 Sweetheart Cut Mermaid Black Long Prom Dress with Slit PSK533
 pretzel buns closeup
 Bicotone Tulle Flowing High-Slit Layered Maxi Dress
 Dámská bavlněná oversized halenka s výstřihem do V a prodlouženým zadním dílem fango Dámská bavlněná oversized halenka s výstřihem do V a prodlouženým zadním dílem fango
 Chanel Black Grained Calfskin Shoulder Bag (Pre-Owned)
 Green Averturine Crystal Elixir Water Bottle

==

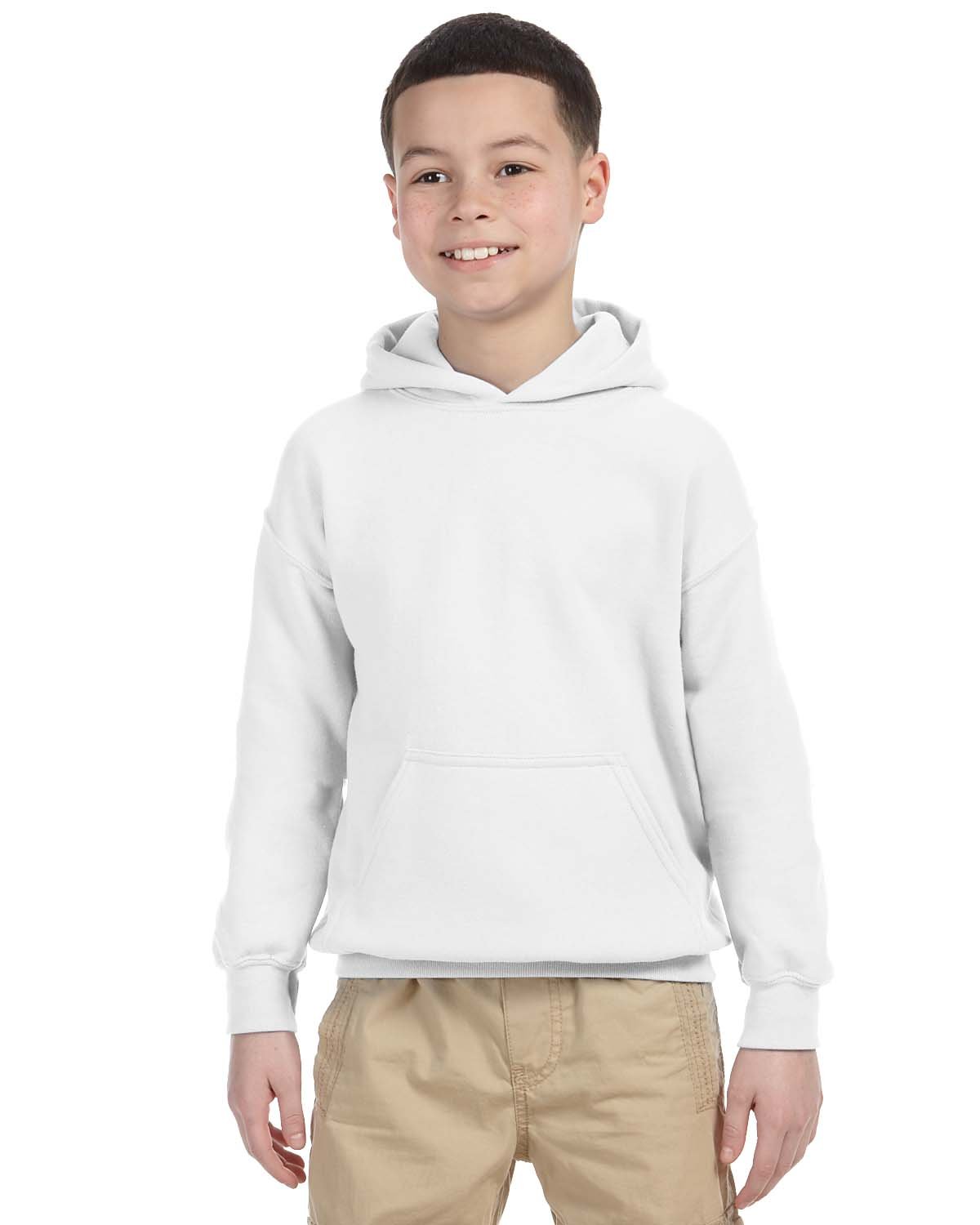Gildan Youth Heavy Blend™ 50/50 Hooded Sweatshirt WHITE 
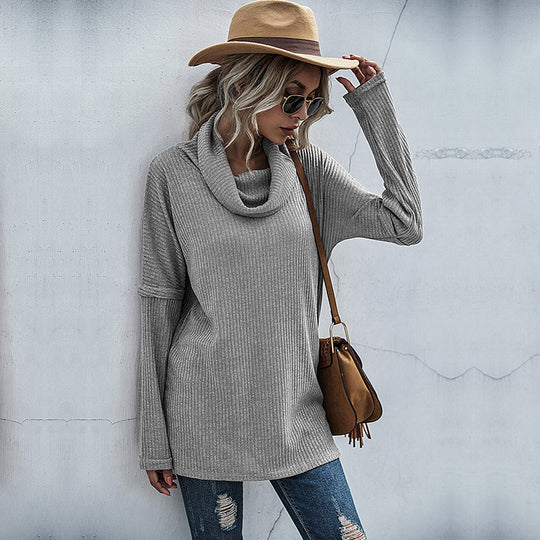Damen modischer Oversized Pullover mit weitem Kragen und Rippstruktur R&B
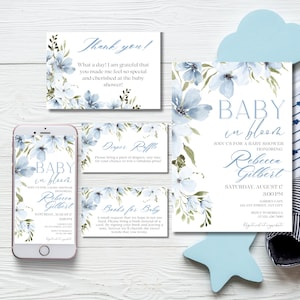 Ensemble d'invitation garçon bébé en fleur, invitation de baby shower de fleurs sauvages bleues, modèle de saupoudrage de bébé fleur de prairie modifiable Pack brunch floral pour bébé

[Exercise prompt] After locating "Damen modischer Oversized" and "Ensemble d'invitation garçon" in the records above, return exactly the line holding each one and every line between them; leave out the pictures.

[Finished task]
Damen modischer Oversized Pullover mit weitem Kragen und Rippstruktur R&B
 Ensemble d'invitation garçon bébé en fleur, invitation de baby shower de fleurs sauvages bleues, modèle de saupoudrage de bébé fleur de prairie modifiable Pack brunch floral pour bébé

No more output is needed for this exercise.